Questi architetti, come molti altri all’interno del padiglione e in Italia, lavorano nel silenzio senza cercare la ribalta del palcoscenico senza, come si dice dalle mie parti, “fare il passo più lungo della gamba”. Allora non stupiscono le contraddizioni di Molinari quando parla di “visione” e “futuro” senza avere nessun riscontro nelle ricerche di alcuni selezionati. Una visione implica il ritorno alla ricerca dell’utopia realizzata. Ailati è la riproposizione di architetti che hanno avuto il loro apice all’inizio degli anni duemila in concomitanza con la Triennale curata dallo stesso Molinari. Al centro del cui operare non si avverte la necessità di scoprire nuovi architetti che fanno ricerca ma di consolidare il mercato dell’architettura. Quali possibilità hanno gli architetti, i critici, i fotografi, di emergere dalla lateralità di cui parla Molinari? Che ruolo svolgono le istituzioni nel fornire un accesso ai luoghi deputati alla diffusione dell’architettura (MAXXI, Triennale), dove poter sperimentare e verificare le proprie ricerche?Questi sono i temi che si devono affrontare per uscire dallo stallo, presunto o reale, del sistema “architettura/Italia”. Si parla di futuro in Italia 2050 e tranne Ian+ (micro-utopie, Goethe’s House, Housescape, nuove ecologie dei sistemi viventi) non riscontro in Gambardella, Marc, Ma0, Rota, Servillo ecc… riflessioni sull’immaginare il futuro alla maniera di Soleri, Archigram, Otto, Fuller, Metabolisti giapponesi…Sono assenti le teorie e le visioni di architetture future che implicano una diversa concezione della società.
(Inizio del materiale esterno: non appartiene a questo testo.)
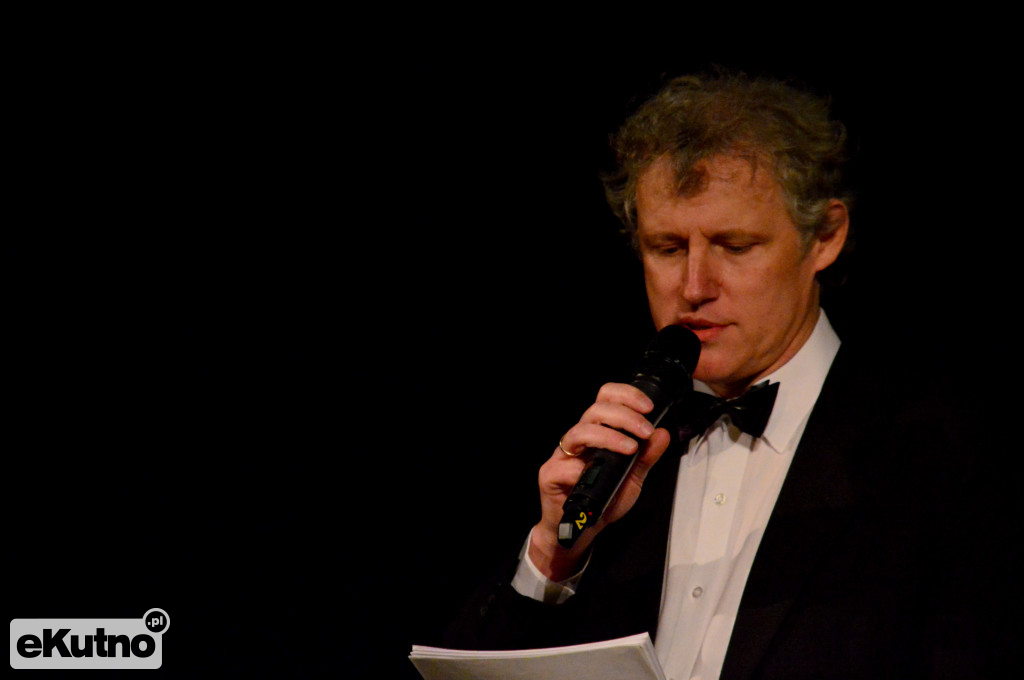 Kutnowskie Zeszyty Regionalne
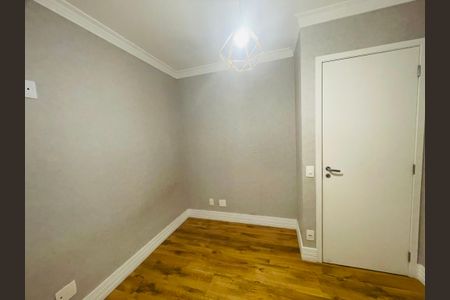 Apartamento à venda com 103m², 3 quartos e 2 vagas Apartamento à venda com 103m², 3 quartos e 2 vagasQuarto 1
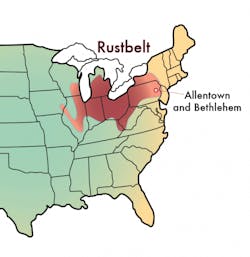 Machinedesign Com Sites Machinedesign com Files Uploads 2014 05 Bethlehem Rustbelt Town Machinedesign Com Sites Machinedesign com Files Uploads 2014 05 Bethlehem Rustbelt Town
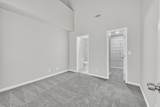 3604 Di Salvo Drive - Photo 12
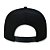 Boné New Era Las Vegas Raiders 950 Core Simple Preto - Imagem 2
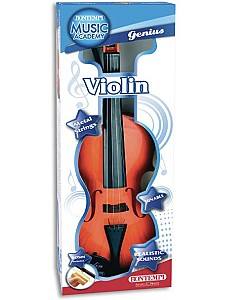 Jucarie muzicala Bontempi 291100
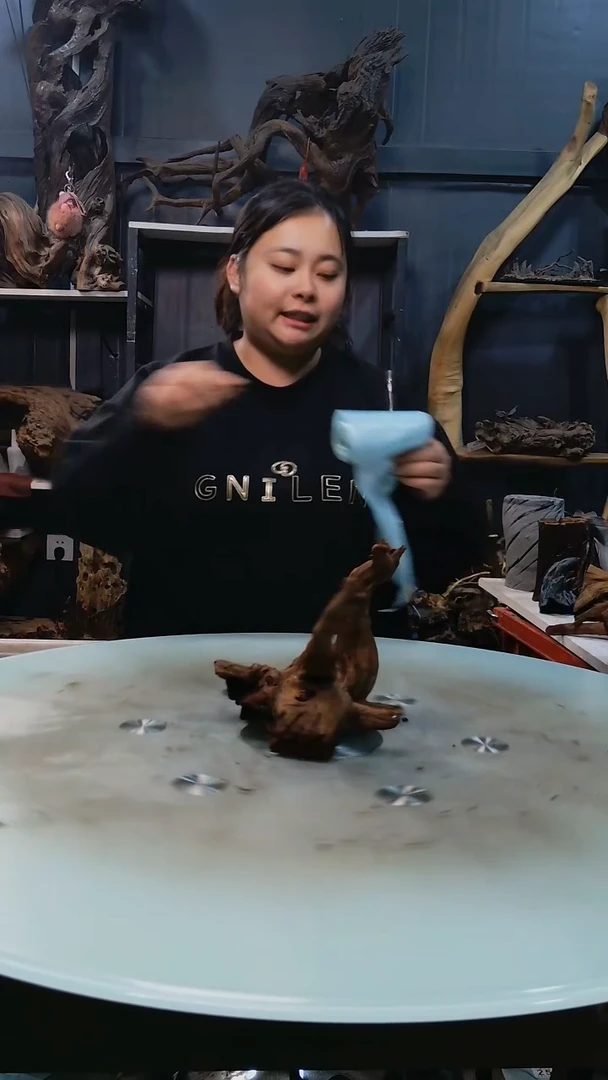 408清香阁清香阁清香阁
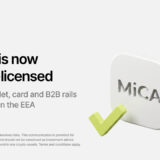 MiCA press release 17828372043NH8d0ysvd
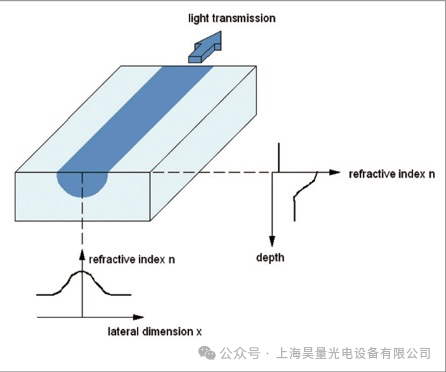 6b3abf2a-3071-11f0-8605-92fbcf53809c.png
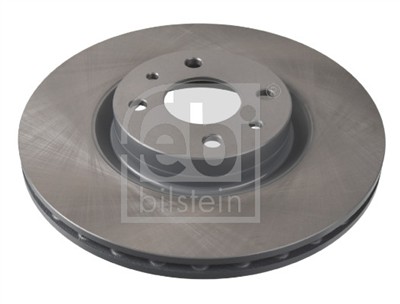 FEBI BILSTEIN 18546 EAN: 4027816185468.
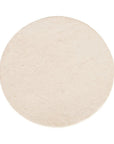 Boulder Side Table - Maison Vogue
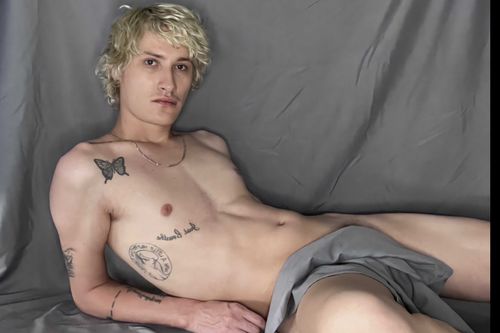 @nathanlegrange nude nathanlegrange nude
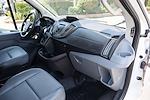 Used 2017 Ford Transit 150 Low Roof Upfitted Cargo Van for sale #56869 - photo 36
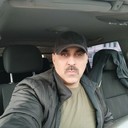 ���������� ������ ��������, ���� ������� Garib, 54 ����, ������������ ��� ������, ����� � ���������, c�������� ���������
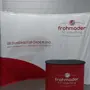 thumbnail-Check-up Screening-Geräte eines Fitness Unternehmens-1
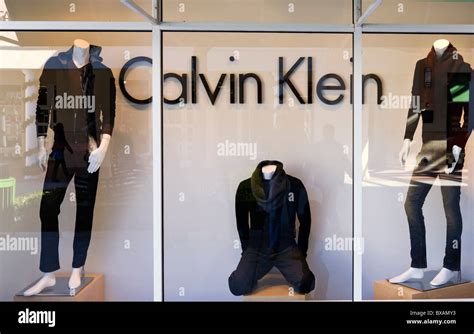 calvin klein us sale|calvin klein factory outlet.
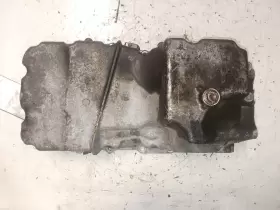1151178K01 SUZUKI Oil Pan Vitara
In questo deja vu rendo merito a Boeri di essersi inventato “ossigeno italiano” almeno rappresenta una occasione per gli architetti e non, attraverso l’autocandidatura, di far conoscere le proprie ricerche. Prima di ogni Biennale si ha sempre la speranza che il curatore del padiglione italiano riesca a raccontare le pieghe dell’architettura nostrana che non sono composte solo dai sempreverdi ex giovani, o dagli eterni maestri. Il critico e curatore di architettura dovrebbe compiere un lavoro sul campo, visitando gli studi, seguendo i progetti invece, ancora una volta, si fanno selezioni alla scrivania. E’ una questione di approccio, mentalità, cultura del curatore che è chiamato a rappresentare l’Italia attraverso sì l’individuazione di un tema ma con un fil rouge tra il tema e la ricerca dell’architetto. Diversamente non si potrà scrivere nessuna storia contemporanea dell’architettura italiana.